Python, from the ground up Lesson 24 / 60

Property-based testing with hypothesis

Generate hundreds of test cases automatically. The patterns that find bugs unit tests miss.

The unit tests you write are the cases you thought of. The bugs in production are the cases you didn’t. Property-based testing closes that gap by letting the test framework generate the cases for you — hundreds of them per test run, biased toward the inputs most likely to break things.

In Python, the property-based testing library is hypothesis. It’s been mature for years, ships clean APIs, and integrates seamlessly with pytest. This lesson is the working knowledge: how to think about properties, how to write them, the patterns that find real bugs, and where property-based testing isn’t worth the cost.

Example-based versus property-based

A traditional pytest test is example-based: you pick concrete inputs and assert concrete outputs.

def test_round_price():
    assert round_price(1.005) == 1.00
    assert round_price(1.015) == 1.02

This works for the cases you wrote down. It says nothing about 1.005000000001, or -0.005, or 0.0, or float("nan"), unless you also wrote those down.

A property-based test asserts a property — something that should hold for all valid inputs — and lets the framework probe at it:

from hypothesis import given, strategies as st

@given(st.floats(min_value=0, max_value=10_000, allow_nan=False))
def test_round_price_is_idempotent(amount: float) -> None:
    once = round_price(amount)
    twice = round_price(once)
    assert once == twice

Hypothesis runs this with a hundred different floats by default, biased toward edge cases (0.0, very small numbers, numbers with awkward binary representations). If any input fails the property, hypothesis tells you which one — and shrinks it to the smallest counterexample it can find.

The shrinking is the magic. If a giant random float fails, hypothesis doesn’t just say “it failed with 0.7281928281828”; it whittles the input down until it finds the simplest input that still fails. Often you get back something like 1e-300 or 0.0, and the bug is suddenly obvious.

The basic moves

Install and import:

pip install hypothesis
from hypothesis import given, strategies as st

A strategy is a description of an input space. Hypothesis comes with strategies for every common Python type:

st.integers()                       # any int
st.integers(min_value=0)            # non-negative
st.floats(allow_nan=False)          # finite floats only
st.text()                           # any unicode string
st.text(alphabet="abc", max_size=5) # restricted
st.lists(st.integers())             # list of ints
st.lists(st.integers(), min_size=1) # non-empty
st.dictionaries(st.text(), st.integers())
st.dates()                          # datetime.date
st.datetimes(timezones=st.timezones())
st.from_regex(r"^\d{3}-\d{4}$", fullmatch=True)

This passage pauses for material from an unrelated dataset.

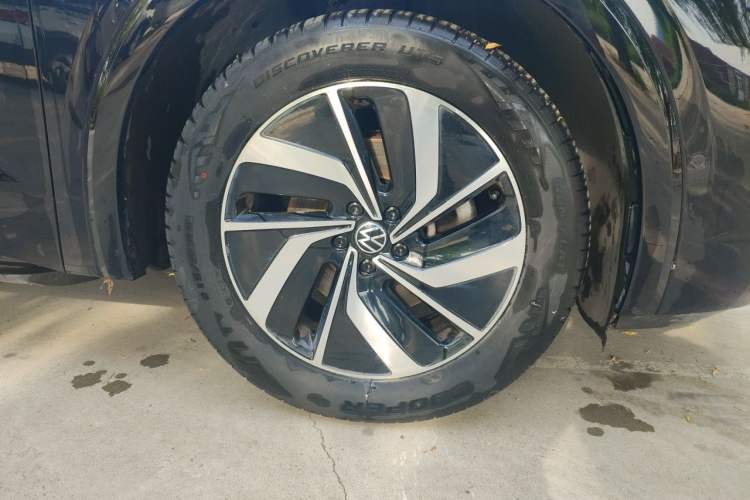 Used Volkswagen Viloran 2022 380TSI Luxury Edition Right Front Wheel Hub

Combining strategies is just composition:

st.tuples(st.text(), st.integers())
st.lists(st.tuples(st.text(), st.integers()), max_size=10)
st.one_of(st.integers(), st.text())

For your own types, @st.composite builds a strategy out of others:

from hypothesis import strategies as st
from dataclasses import dataclass

@dataclass(frozen=True)
class Order:
    id: int
    amount: float
    customer: str

@st.composite
def orders(draw: st.DrawFn) -> Order:
    return Order(
        id=draw(st.integers(min_value=1)),
        amount=draw(st.floats(min_value=0, allow_nan=False, allow_infinity=False)),
        customer=draw(st.text(min_size=1, max_size=50)),
    )

@given(orders())
def test_order_amount_non_negative(order: Order) -> None:
    assert order.amount >= 0

Once you have a strategy for your domain types, every test that needs them is a one-liner.

Properties worth testing

The skill of property-based testing is identifying properties. A few patterns that come up everywhere:

Round-trip

If your code encodes and decodes, encoding then decoding should give you back the original:

@given(st.dictionaries(st.text(), st.integers()))
def test_json_round_trip(data: dict[str, int]) -> None:
    assert json.loads(json.dumps(data)) == data

This catches a surprising number of bugs in custom serializers — anything to do with quoting, encoding, special characters, empty containers.

Idempotence

Doing it twice equals doing it once:

@given(st.text())
def test_strip_is_idempotent(s: str) -> None:
    assert s.strip().strip() == s.strip()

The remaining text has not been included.